ALBANY -- In order to make its voice heard on real estate tax issues, a local taxpayer group plans to flood the government with appeals.

Facing a system rife with legal terminology won't be easy, even with a guide.

Attorney Jeremy Lynch explained to the Dougherty County Taxpayer's Association how to file appeals on real estate tax assessments. He spoke Thursday night at Merry Acres Conference Center. Not many in the crowd of more than 150 took notes.

"Maybe 10 percent of the people caught on," said B.J. Fletcher, a member of the group. "We might need a professional to do this. It was just too complex for many of us."

In an hour presentation, Lynch walked the crowd through filing a real estate tax return -- a PT-50R. This is required every year, but not many people in the crowd bother to file.

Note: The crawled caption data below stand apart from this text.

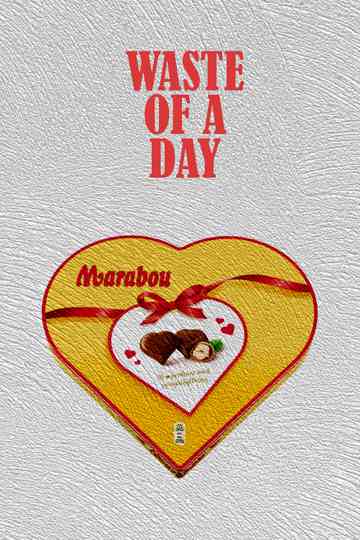 Waste of a Day Poster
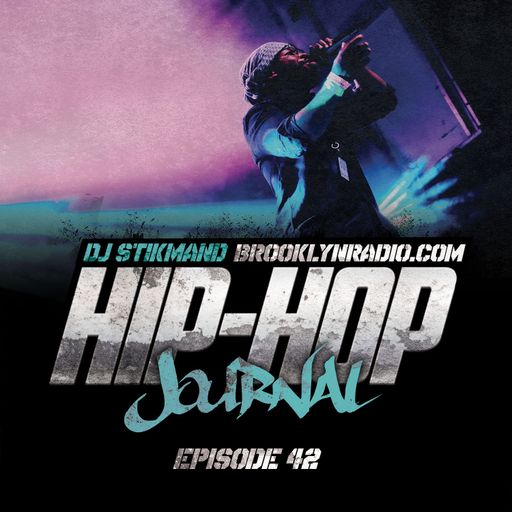 Hip Hop Journal Episode 42 w/ DJ Stikmand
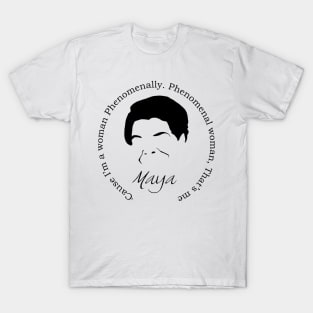 Maya Angelou Phenomenal Woman T-Shirt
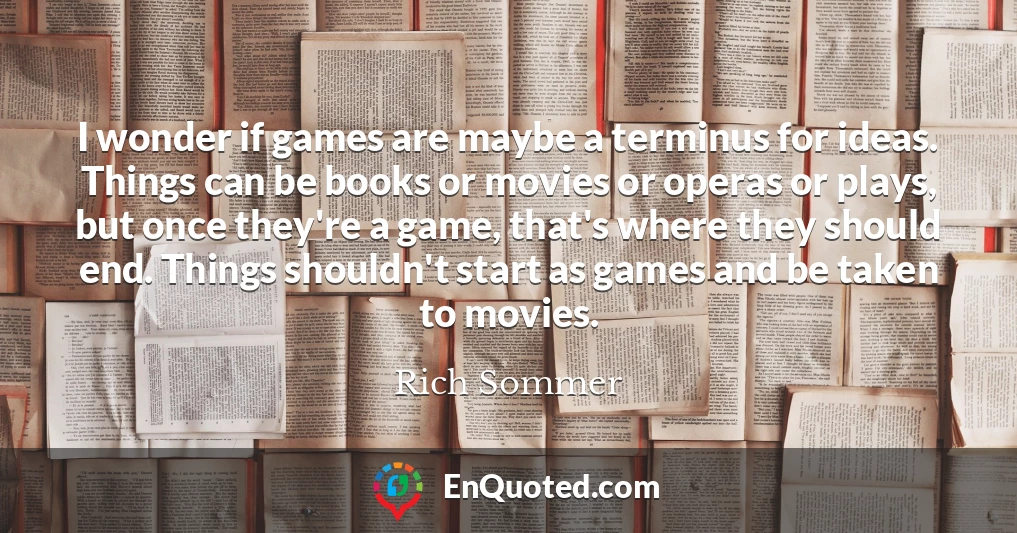 I wonder if games are maybe a terminus for ideas. Things can be books or movies or operas or plays, but once they're a game, that's where they should end. Things shouldn't start as games and be taken to movies.
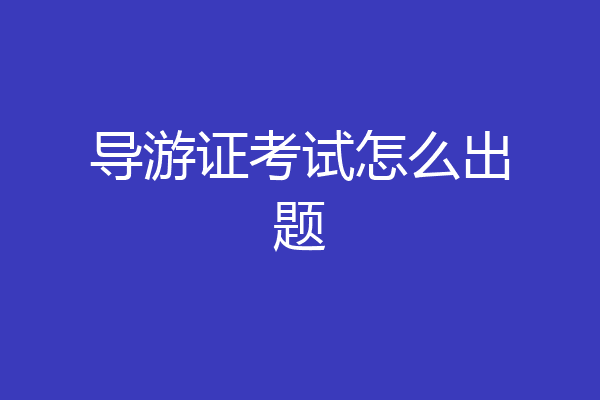 导游证考试怎么出题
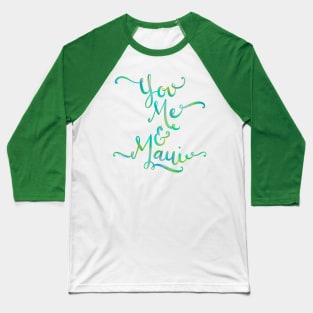 You Me & Maui Hand Lettering Design Baseball T-Shirt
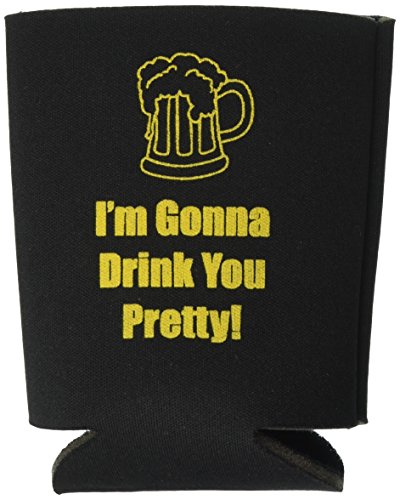 Funny Can Cooler - I'm Gonna Drink You Pretty! Can Cooler!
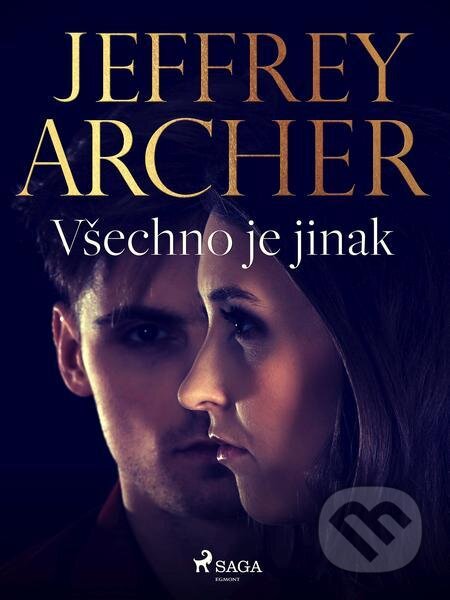 E-kniha: Všechno je jinak (Jeffrey Archer). Saga Egmont E-kniha: Všechno je jinak (Jeffrey Archer). Saga Egmont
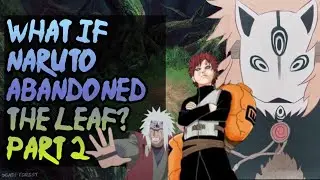 What if Naruto abandoned the Leaf? Part 2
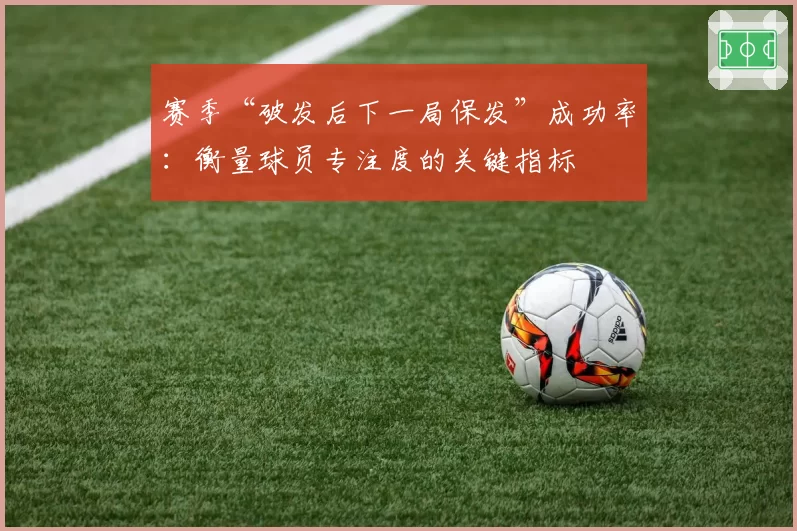 赛季“破发后下一局保发”成功率：衡量球员专注度的关键指标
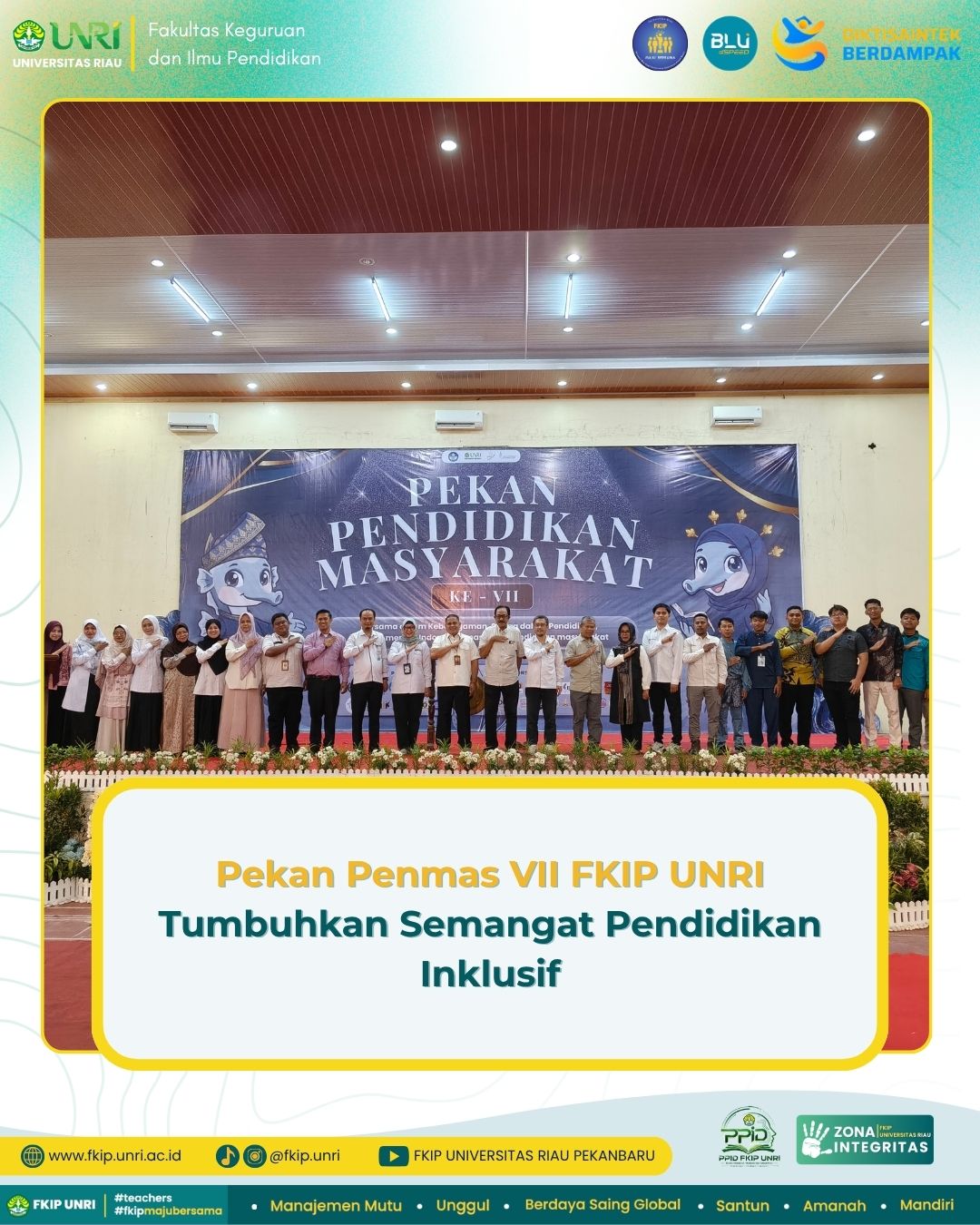 Pekan Penmas VII FKIP UNRI Tumbuhkan Semangat Pendidikan Inklusif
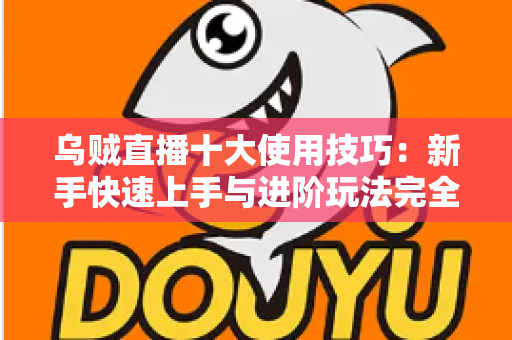 乌贼直播十大使用技巧:新手快速上手与进阶玩法完全指南 乌贼直播十大使用技巧:新手快速上手与进阶玩法完全指南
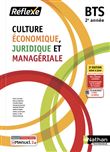 Culture économique juridique et managériale - BTS 2 (Pochette CEJM) Livre + licence élève - 2022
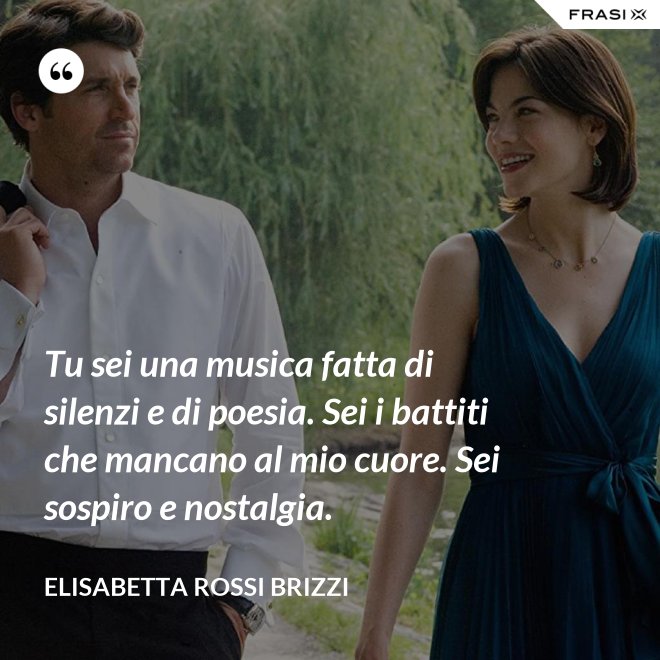 Tu sei una musica fatta di silenzi e di poesia. Sei i battiti che mancano al mio cuore. Sei sospiro e nostalgia. - Elisabetta Rossi Brizzi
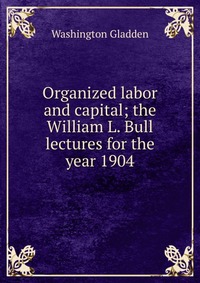 Organized labor and capital; the William L. Bull lectures for the year 1904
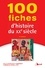 100 fiches d'Histoire du XXe siècle 4e édition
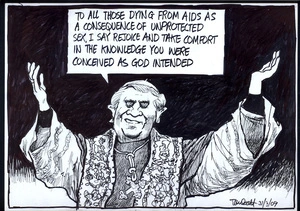 "To all those dying from AIDS as a consequence of unprotected sex, I say rejoice and take comfort in the knowledge you were conceived as God intended" 31 March 2009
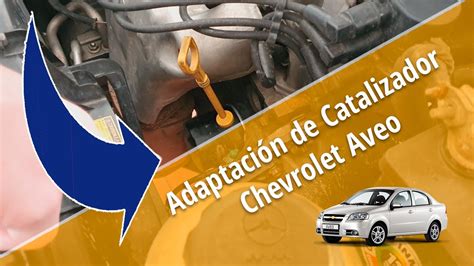 Adaptaci N De Catalizador Para Chevrolet Aveo Optra Spark Gt Epica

Filling out the form is not an appeal, but it must be filled out in order to eventually appeal. The taxpayer will make his own assessment of the property value. If that value is rejected by the assessor, the taxpayer then has 45 days to make the appeal.

According to Lynch, the best basis for an appeal is uniformity of taxation. It can also be coupled with a fair market value appeal.

Uniformity of taxation means, Lynch said, that a property, house and accessories such as a swimming pool would be taxed the same as another property, house and swimming pool of the same size and features.

The idea is to find similar properties that have been assessed at lower value and present them as part of an argument to have the taxpayer's property assessed lower.

"This is the best argument for an appeal that I have found," Lynch said. "It is the argument that judges and assessors have told me is the best."

Lynch went through the process that an appeal would take after it is filed. It could be called daunting to the layperson.

Despite the complexity of the undertaking, Richard Thomas, chairman of the Dougherty County Taxpayer's Association, hopes to put a wrench in the gears of the taxing agency.

"People are still paying (real estate) taxes on the assessment that was done in 2007, at the height of the market," Thomas said. "The market has gone way down since then. We hope to file enough appeals to force a reassessment."